Climbing usefull information
Andean Guide (a Peru Qorianka group company) has developed detailed information covering our climbing trips to support our clients’ knowledge base in addressing possible questions you may have during typical climbing days. The information provided is general for all our offered climbing programs in the Cordillera Blanca with differences of grades and difficulties attributable to each trip.
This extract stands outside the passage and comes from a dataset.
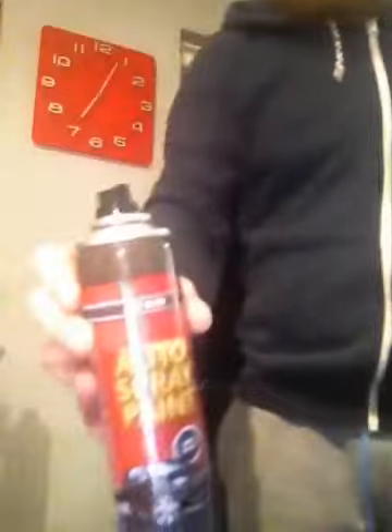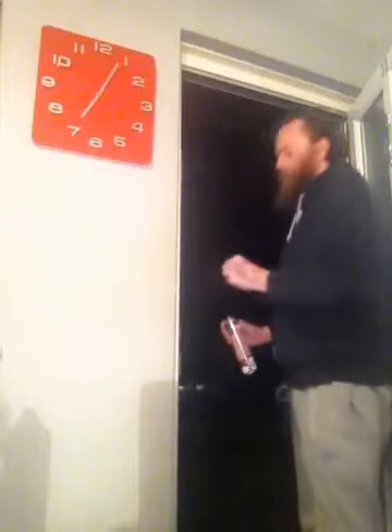Look at the finish on that. Matte black. Simply, for a pan, you cannot go wrong. Perfect finish. We'll see you next time.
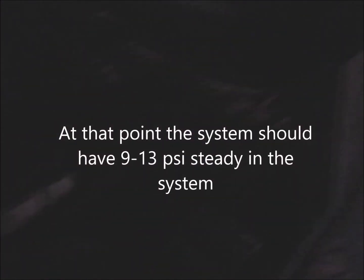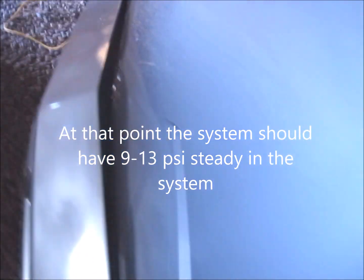But if you don't hear that prime, then you've got a problem with your electronic control module, your key switch, your fuel pump relay, your fuel pump itself, or the wiring in between.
Proper acclimatization is required for all our climbing expeditions. We can advise our clients on a suitable acclimatization program including day hikes and acclimatization trekking programs. For climbing technical peaks above 6,000 m we strongly encourage our clients to do a “warm up” climb on a 5,000 m peak for extra protective acclimatization. We always consider our clients safety above all else as our number one responsibility and by successfully completing an appropriate acclimatization program suitable to the level of altitude and technical rating of the mountain you are attempting to summit is both required and intelligent.
The Climbing Day:
On the day of the climb we generally leave camp very early depending on the specific peak we are climbing. Our guides are flexible in making this decision based on their discerned observation of the clients’ level of fitness and experience. On difficult or technical mountains you may expect to leave around midnight and for the less difficult peaks we generally leave our camp between 2:00 AM and 3:00 AM to make full use of the more solid and safer snow and ice conditions. Head lamps and cold weather gear are needed. Use of proper fitting crampons and an ice axe for climbing in the dark and cold will be important skill sets to learn and we will make the opportunity to practice these safety mountaineering techniques the day before at camp. After summiting, our focused goal is to safely return back to our camp before the afternoon sun softens the snow. After summiting and descending back to our camp, we’ll enjoy a hot drink and a well-deserved meal.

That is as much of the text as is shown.